Give back, word for word, the line that contains "Imperial shag in" and all lines after it in the material, through the last; please include only these.

■ **Source data**:
^^^^^^^^

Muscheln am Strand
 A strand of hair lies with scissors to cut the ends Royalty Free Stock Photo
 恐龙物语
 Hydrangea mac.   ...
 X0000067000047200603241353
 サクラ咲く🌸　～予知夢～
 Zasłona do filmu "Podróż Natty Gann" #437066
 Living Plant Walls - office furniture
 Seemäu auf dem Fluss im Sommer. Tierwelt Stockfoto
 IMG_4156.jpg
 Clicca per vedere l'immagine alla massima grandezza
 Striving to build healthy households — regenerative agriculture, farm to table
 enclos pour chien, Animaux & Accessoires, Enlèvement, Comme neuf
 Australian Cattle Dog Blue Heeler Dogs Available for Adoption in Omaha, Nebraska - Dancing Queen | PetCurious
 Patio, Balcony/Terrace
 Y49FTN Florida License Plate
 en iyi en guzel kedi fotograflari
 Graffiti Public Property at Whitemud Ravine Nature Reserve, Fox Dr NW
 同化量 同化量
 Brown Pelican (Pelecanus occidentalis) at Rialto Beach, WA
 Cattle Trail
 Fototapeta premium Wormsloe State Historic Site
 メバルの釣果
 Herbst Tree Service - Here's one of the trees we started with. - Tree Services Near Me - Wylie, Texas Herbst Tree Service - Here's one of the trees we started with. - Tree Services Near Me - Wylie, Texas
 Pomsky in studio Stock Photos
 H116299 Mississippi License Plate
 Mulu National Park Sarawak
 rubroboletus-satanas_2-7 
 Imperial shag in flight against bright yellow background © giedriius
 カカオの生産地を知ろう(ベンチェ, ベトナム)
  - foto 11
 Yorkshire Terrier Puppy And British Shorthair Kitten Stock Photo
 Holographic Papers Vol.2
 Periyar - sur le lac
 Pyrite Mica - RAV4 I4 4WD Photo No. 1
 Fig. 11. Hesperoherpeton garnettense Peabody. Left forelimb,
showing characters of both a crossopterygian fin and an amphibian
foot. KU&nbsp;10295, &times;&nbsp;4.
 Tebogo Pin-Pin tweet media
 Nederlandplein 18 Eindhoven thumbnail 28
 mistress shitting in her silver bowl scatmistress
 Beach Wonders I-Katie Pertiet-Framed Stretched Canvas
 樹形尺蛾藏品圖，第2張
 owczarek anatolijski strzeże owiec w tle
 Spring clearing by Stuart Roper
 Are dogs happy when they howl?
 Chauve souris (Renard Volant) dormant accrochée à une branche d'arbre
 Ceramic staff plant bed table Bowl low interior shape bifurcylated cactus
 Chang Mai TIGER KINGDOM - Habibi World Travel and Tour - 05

^^^^^^^^

■ **Exercise answer**:
 Imperial shag in flight against bright yellow background © giedriius
 カカオの生産地を知ろう(ベンチェ, ベトナム)
  - foto 11
 Yorkshire Terrier Puppy And British Shorthair Kitten Stock Photo
 Holographic Papers Vol.2
 Periyar - sur le lac
 Pyrite Mica - RAV4 I4 4WD Photo No. 1
 Fig. 11. Hesperoherpeton garnettense Peabody. Left forelimb,
showing characters of both a crossopterygian fin and an amphibian
foot. KU&nbsp;10295, &times;&nbsp;4.
 Tebogo Pin-Pin tweet media
 Nederlandplein 18 Eindhoven thumbnail 28
 mistress shitting in her silver bowl scatmistress
 Beach Wonders I-Katie Pertiet-Framed Stretched Canvas
 樹形尺蛾藏品圖，第2張
 owczarek anatolijski strzeże owiec w tle
 Spring clearing by Stuart Roper
 Are dogs happy when they howl?
 Chauve souris (Renard Volant) dormant accrochée à une branche d'arbre
 Ceramic staff plant bed table Bowl low interior shape bifurcylated cactus
 Chang Mai TIGER KINGDOM - Habibi World Travel and Tour - 05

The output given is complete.